Tommy Whelan

No. 26
- Position: Tailback / Defensive back

Personal information
- Born: March 4, 1911 New York City, U.S.
- Died: June 24, 1974 (aged 63) Washington, D.C., U.S.
- Listed height: 5 ft 8 in (1.73 m)
- Listed weight: 165 lb (75 kg)

Career information
- High school: All Hallows (New York City)
- College: Catholic (1929–1932)

Career history
- Pittsburgh Pirates (1933);
- Stats at Pro Football Reference

= Tommy Whelan =

American football player (1911–1974)

Thomas Joseph Whelan (March 4, 1911 - June 24, 1974) was an American professional football player who played for the Pittsburgh Pirates of the National Football League (NFL). He played college football at The Catholic University of America.

==Early life and college==
Thomas Joseph Whelan was born on March 4, 1911, in New York City. He attended All Hallows High School in New York City.
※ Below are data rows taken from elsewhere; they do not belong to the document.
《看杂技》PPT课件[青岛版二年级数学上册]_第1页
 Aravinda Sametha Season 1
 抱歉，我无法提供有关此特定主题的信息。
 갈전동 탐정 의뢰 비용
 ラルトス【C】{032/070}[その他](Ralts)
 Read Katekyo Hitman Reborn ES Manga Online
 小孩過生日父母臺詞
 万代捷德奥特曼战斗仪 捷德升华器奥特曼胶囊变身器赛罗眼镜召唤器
Whelan played college football for the Catholic University Cardinals of the Catholic University of America. He was on the freshman team in 1929 and the main roster from 1930 to 1932. He was a two-year letterman from 1931 to 1932.

==Professional career==
Whelan played in one game for the Pittsburgh Pirates of the National Football League during the team's inaugural 1933 season. He was a member of the independent Staten Island Stapletons during the 1933 season as well. He appeared in three games, starting two, for the Clifton Wessingtons of the Interstate Football League in 1933 also.

==Post-playing career==
Whelan spent time as the backfield coach at The Catholic University of America. In 1937, he bought a restaurant. He was a head linesman and sideline judge in the All-America Football Conference from 1947 to 1949.

Whelan died on June 24, 1974, in Washington, D.C.